Catalystowy bohater ostatnich miesięcy Uboat-Line po dłuższej przerwie wznowił komunikację z inwestorami publikując odpowiedzi na pytania zadane podczas obrad Nadzwyczajnego Walnego Zgromadza Spółki z dnia 4 listopada 2014 roku. Dodatkowo od tygodnia dostępny jest raport finansowy za III kwartał 2014 roku, czas więc ponownie przyjrzeć się spółce.

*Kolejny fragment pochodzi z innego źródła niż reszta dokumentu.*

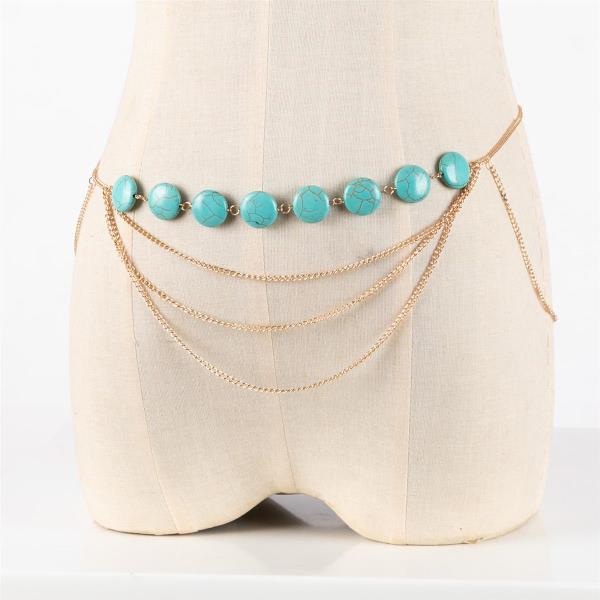 Turquoise Multi Tassel Waist Chain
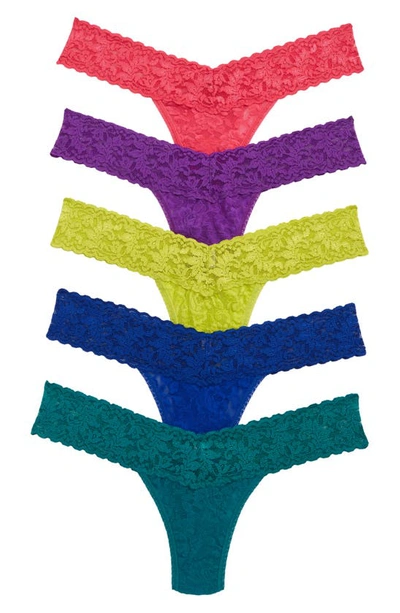 Hanky Panky 5-pack Low Rise Lace Thongs In Vcor/ Liml/ Dkte/ Coba/ Tpur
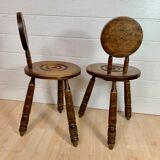 Pair of small Breton style chairs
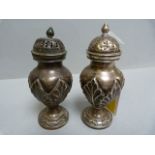 A pair of SCM salt and pepper shakers, marked underneath ORR, both marked with the crest "Deus Major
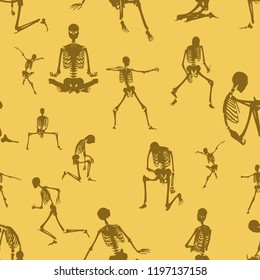 Human skeletons background. Vector illustration. Halloween party design template. Seamless pattern.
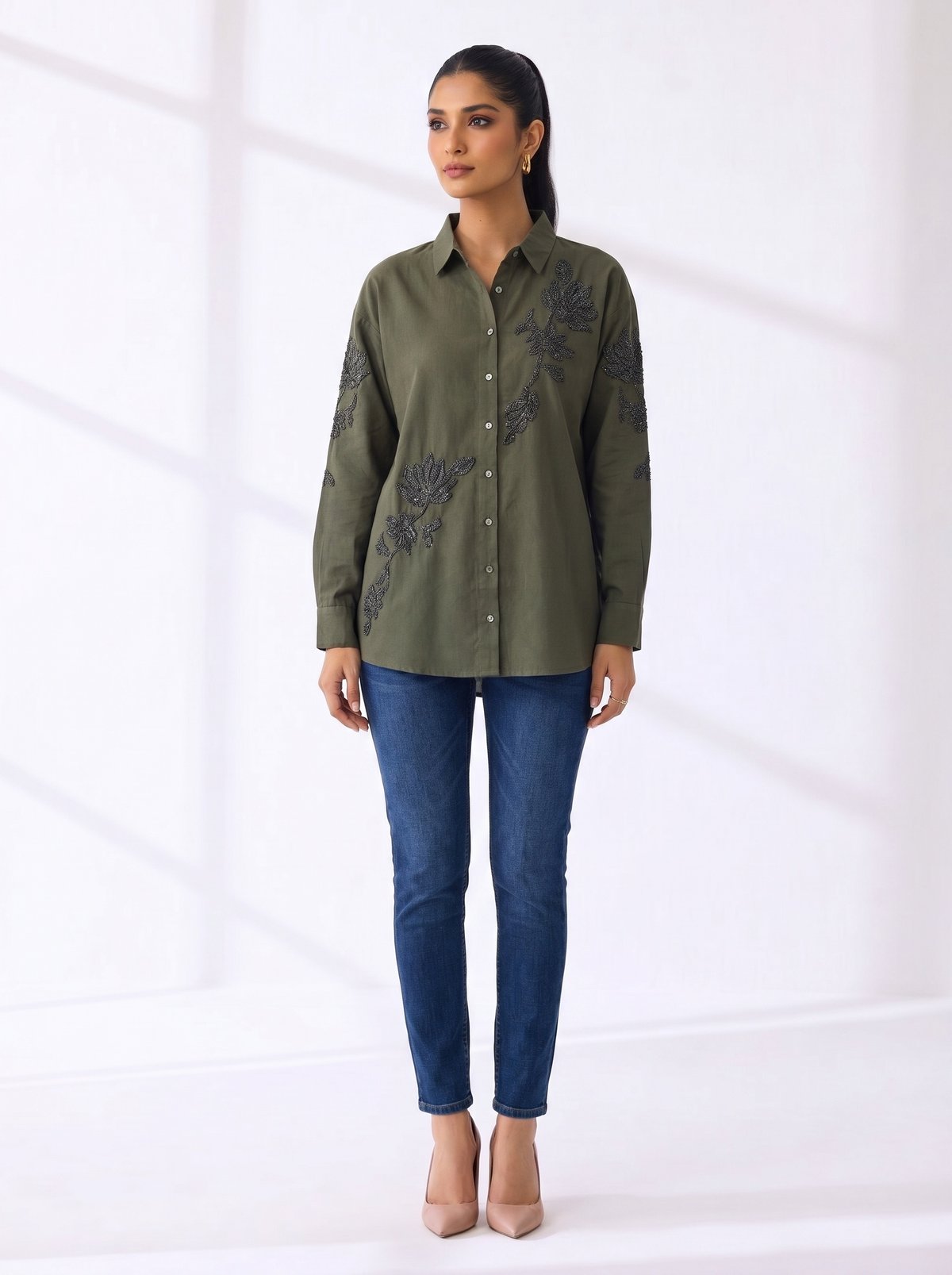Green Cotton Embroidered Button-Down Shirt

Obligacje Uboat – Line, wyniki finansowe grupy

Przy okazji całego zamieszania związanego ze spółką, praktycznie niezauważone zostały osiągnięte przez Uboat Line w III kwartale przychody ze sprzedaży, które osiągnęły 48,5 mln zł, czyli niecałe 3 mln zł mniej, niż w całym 2013 roku. Po 3 kwartałach narastająco przychody grupy wynoszą imponujące 84,1 mln zł i tej liczby warto chyba spółce gratulować.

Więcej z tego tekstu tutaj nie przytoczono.